While I am stuffing there is a child waiting for their bear, and in their hands is a little sateen heart. The little heart is red. In a real bear the heart sits low, underneath the lungs. In a real bear, the heart is an imprecise target. In a real bear, my father is loading a shotgun and bracing it against his shoulder. In a real bear, he can’t shoot his way out.
The children hold the heart in their hands and I ask them to whisper love and kindness into the heart. Edith once let me put my tongue in her ear and I did the same thing. She tasted salty, and a little stale. Edith’s heart is an imprecise target. The children hold the hearts close to their mouths and whisper and the hearts come away damp and the children are little gods of death holding their hearts in the scales of their judgment and their daddy’s can’t shoot their way out of this one.
When the bears are sufficiently stuffed I take a thread and a needle and pull the wounds of their birth shut. Daddy Bear watches me from all the corners, shiny brown eyes mounted in each end of the store. I am thinking of Edith while I sew. It is obscene that she has shiny brown eyes too. They are always watering and a little crusty in the corners. When I think about licking them clean I taste the sea. Edith has never been to the sea but sometimes we meet up by the fountain in The Lobby. The Lobby is a big room with nothing in it but a fountain and an elegy for Daddy Pretzel. The air is a little bit salty and a little bit stale, just like a memory I can’t shoot my way out of. Daddy Pretzel watches us not hold hands and swallow our liver pills. I never got to stuff a cow, though I consume enough to become one. Daddy Bear is finicky about non ursine animals. He keeps the dogs and cats in low bins away from the children's eyes. Some of their skins are older than mine, which is getting harder to be, somewhere between nineteen and dead.
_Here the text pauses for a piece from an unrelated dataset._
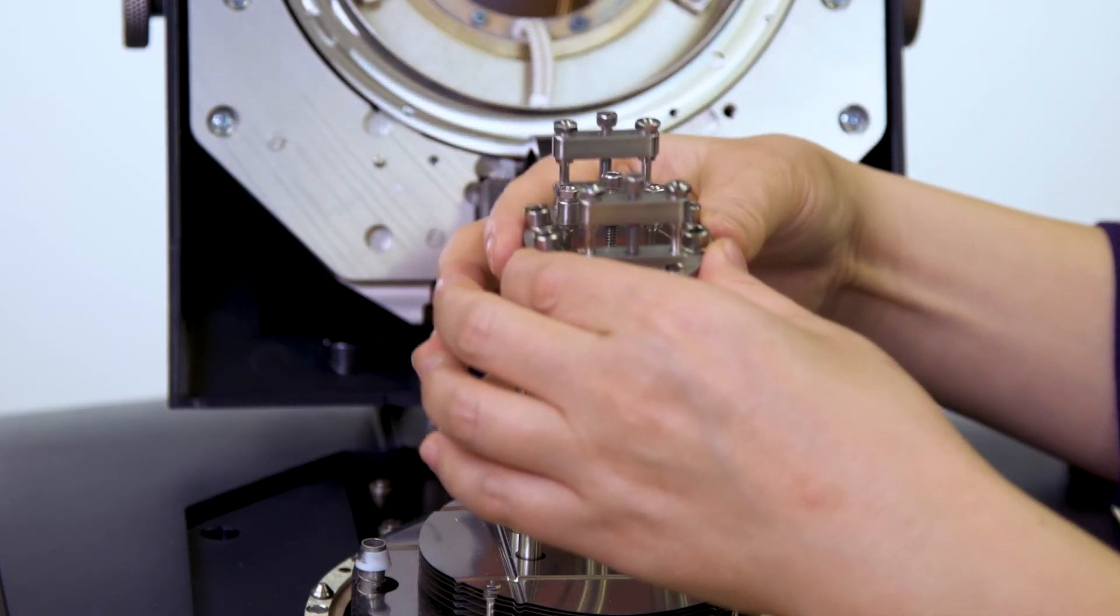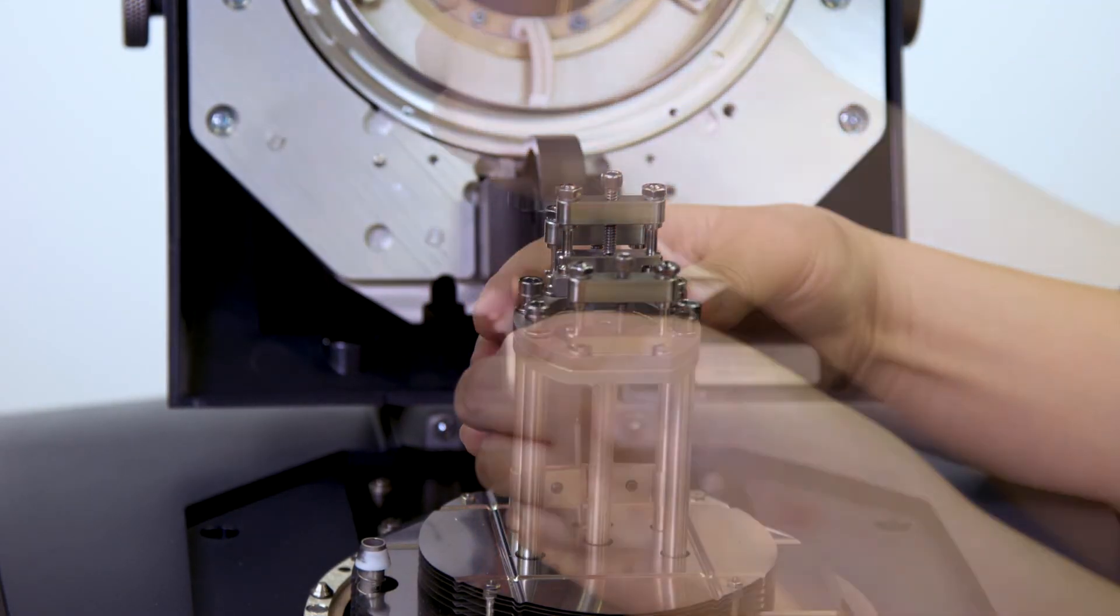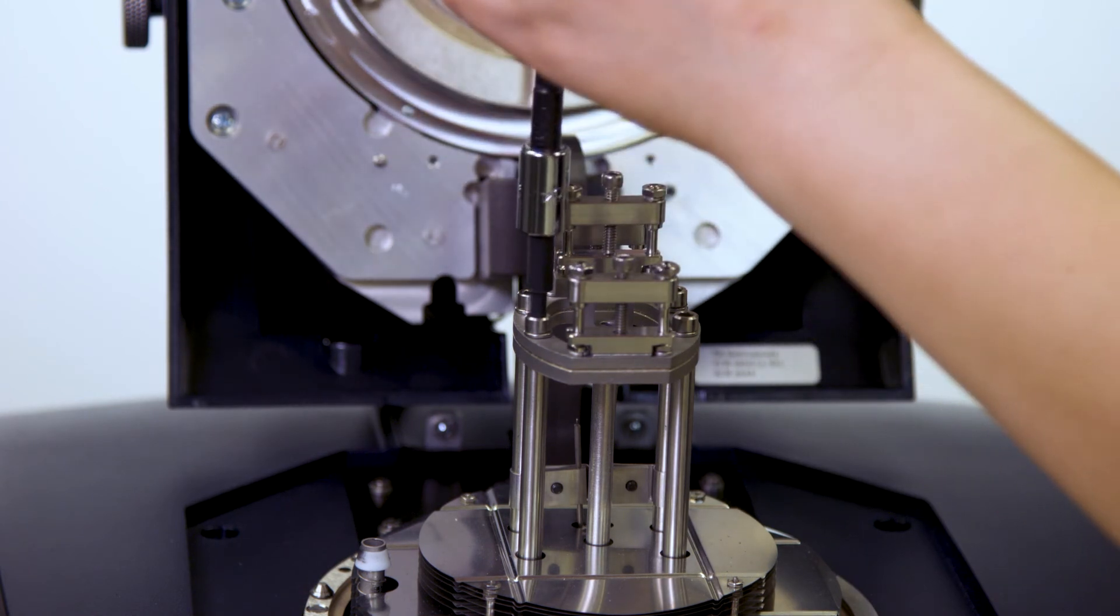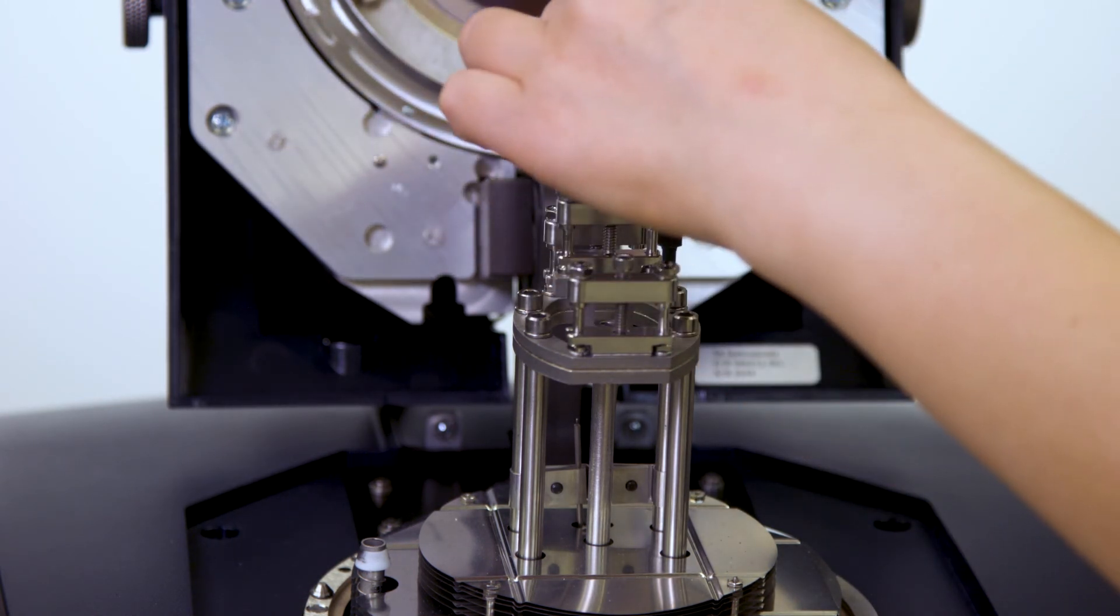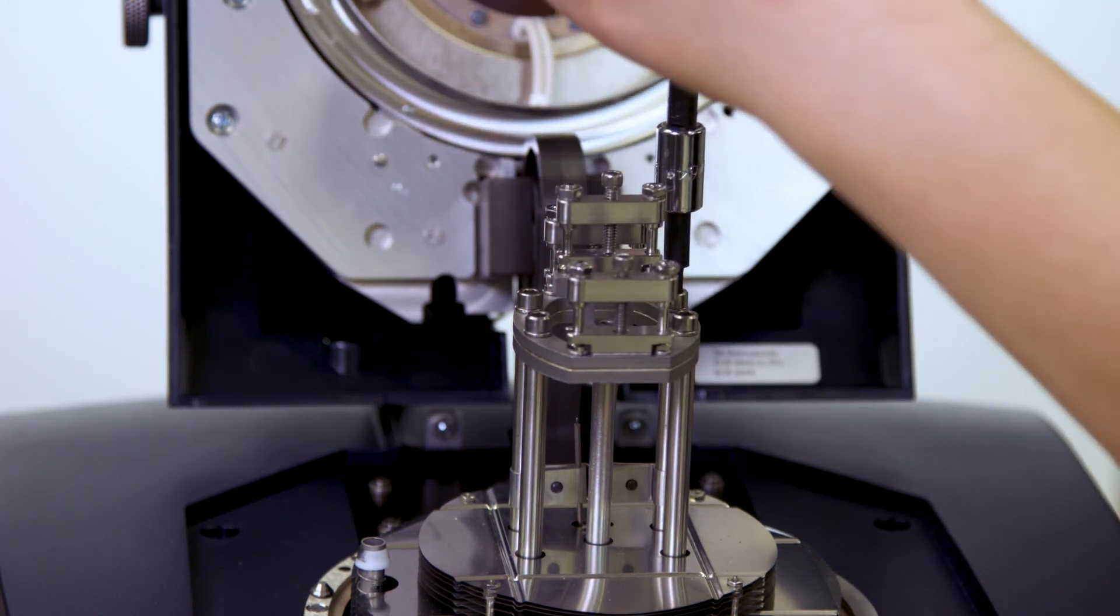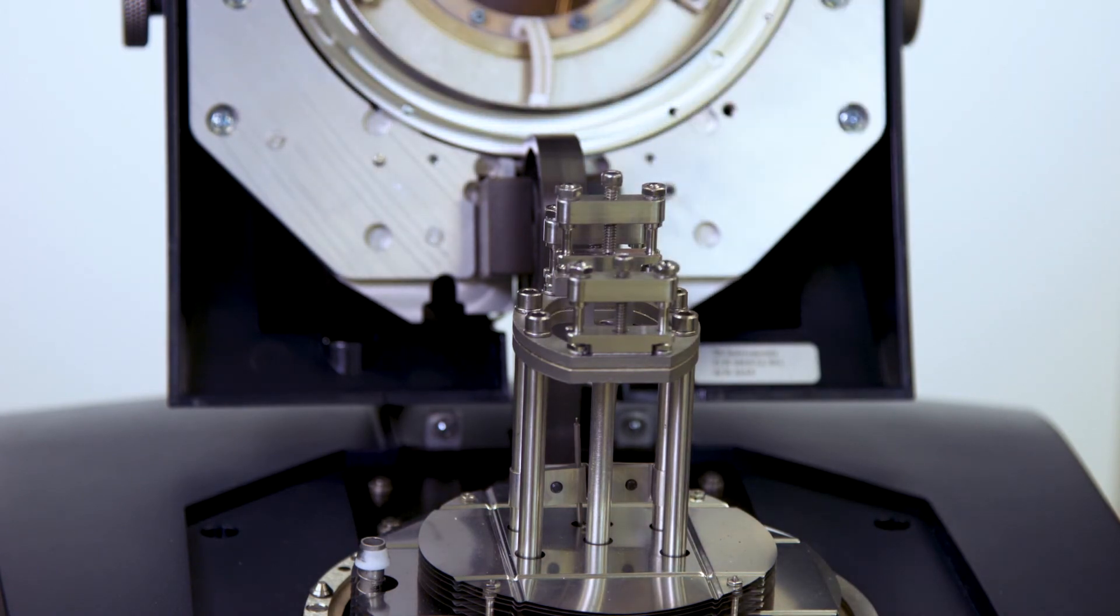The second step is clamp compliance calibration. Install the fixed clamp to the four posts. Tighten the screws with the torque wrench set to 10 inch pound.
Edith relents about her birthday bear. I get an All Beef corn dog every day the week she turns twenty. My skin turns pink and elastic, cool to the touch. Do you think I’m becoming all beef? I ask Edith and she nods, slipping a liver pill into my cheek. It is obscene how metallic her fingers taste. Her skin is porous and underneath it I can see all her pulp. She only ever tastes like herself. When Edith comes she is still wearing her hat, the top of it scraping the doorway as she enters the store. Daddy Bear notices her immediately. Behind his door I can hear him licking his chops, strings of saliva caught in his terrible teeth. She picks a birthday bear the same sallow pink as a tongue and I place a red heart in her hands, wet and warm to the touch. Edith stands right by the stuffer and taps her toes until I sit at my station, and begin to pedal. Our toes match the others tapping—it’s obscene how much I want to lie down under her foot.
Do you love it? I ask. Edith nods as the bear turns towards me. It has an appetite for all beef. It is obscene how eager I am to be eaten, to taste like myself.